**RECORDED INFORMATION**
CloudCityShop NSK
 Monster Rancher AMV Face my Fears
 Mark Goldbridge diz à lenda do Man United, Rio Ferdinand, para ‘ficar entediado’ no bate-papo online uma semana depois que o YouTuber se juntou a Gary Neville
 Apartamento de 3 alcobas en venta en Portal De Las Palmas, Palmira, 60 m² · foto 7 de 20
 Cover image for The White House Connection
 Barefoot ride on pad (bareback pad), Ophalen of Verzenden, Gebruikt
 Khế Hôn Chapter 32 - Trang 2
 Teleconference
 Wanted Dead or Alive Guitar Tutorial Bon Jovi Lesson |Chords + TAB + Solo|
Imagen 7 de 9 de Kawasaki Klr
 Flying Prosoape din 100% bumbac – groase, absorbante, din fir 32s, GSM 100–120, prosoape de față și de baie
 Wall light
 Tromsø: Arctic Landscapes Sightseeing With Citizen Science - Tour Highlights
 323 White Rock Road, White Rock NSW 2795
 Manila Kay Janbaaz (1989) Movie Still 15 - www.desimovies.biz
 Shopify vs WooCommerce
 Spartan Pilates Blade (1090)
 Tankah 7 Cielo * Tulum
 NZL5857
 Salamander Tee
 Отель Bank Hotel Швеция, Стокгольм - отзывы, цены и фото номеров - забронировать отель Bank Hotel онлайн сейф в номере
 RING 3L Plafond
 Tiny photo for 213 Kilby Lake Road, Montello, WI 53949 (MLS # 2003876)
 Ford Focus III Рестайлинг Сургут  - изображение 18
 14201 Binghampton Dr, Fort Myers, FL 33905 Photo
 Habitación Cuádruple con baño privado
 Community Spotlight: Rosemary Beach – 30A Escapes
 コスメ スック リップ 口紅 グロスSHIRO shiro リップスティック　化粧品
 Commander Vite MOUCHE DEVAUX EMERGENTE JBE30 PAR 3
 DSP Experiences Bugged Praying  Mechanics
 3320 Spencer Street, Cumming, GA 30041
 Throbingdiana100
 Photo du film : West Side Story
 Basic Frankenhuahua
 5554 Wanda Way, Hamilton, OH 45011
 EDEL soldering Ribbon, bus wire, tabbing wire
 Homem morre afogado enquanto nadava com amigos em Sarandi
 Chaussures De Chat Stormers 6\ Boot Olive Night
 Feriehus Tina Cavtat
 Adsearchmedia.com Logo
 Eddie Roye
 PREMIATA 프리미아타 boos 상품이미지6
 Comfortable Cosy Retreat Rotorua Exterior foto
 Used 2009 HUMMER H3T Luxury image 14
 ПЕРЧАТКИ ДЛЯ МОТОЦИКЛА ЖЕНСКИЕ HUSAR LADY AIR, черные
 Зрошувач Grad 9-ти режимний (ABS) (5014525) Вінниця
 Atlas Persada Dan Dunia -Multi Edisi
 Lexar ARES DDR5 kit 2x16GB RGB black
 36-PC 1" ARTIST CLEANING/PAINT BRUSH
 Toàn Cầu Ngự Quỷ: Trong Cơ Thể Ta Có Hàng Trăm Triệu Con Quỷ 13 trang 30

**DIRECTIONS FOR THIS TASK**
Your output should be an exact copy of the lines from the top of the listing above to the line with "Salamander Tee", both ends included.

**YOUR RESPONSE**
CloudCityShop NSK
 Monster Rancher AMV Face my Fears
 Mark Goldbridge diz à lenda do Man United, Rio Ferdinand, para ‘ficar entediado’ no bate-papo online uma semana depois que o YouTuber se juntou a Gary Neville
 Apartamento de 3 alcobas en venta en Portal De Las Palmas, Palmira, 60 m² · foto 7 de 20
 Cover image for The White House Connection
 Barefoot ride on pad (bareback pad), Ophalen of Verzenden, Gebruikt
 Khế Hôn Chapter 32 - Trang 2
 Teleconference
 Wanted Dead or Alive Guitar Tutorial Bon Jovi Lesson |Chords + TAB + Solo|
Imagen 7 de 9 de Kawasaki Klr
 Flying Prosoape din 100% bumbac – groase, absorbante, din fir 32s, GSM 100–120, prosoape de față și de baie
 Wall light
 Tromsø: Arctic Landscapes Sightseeing With Citizen Science - Tour Highlights
 323 White Rock Road, White Rock NSW 2795
 Manila Kay Janbaaz (1989) Movie Still 15 - www.desimovies.biz
 Shopify vs WooCommerce
 Spartan Pilates Blade (1090)
 Tankah 7 Cielo * Tulum
 NZL5857
 Salamander Tee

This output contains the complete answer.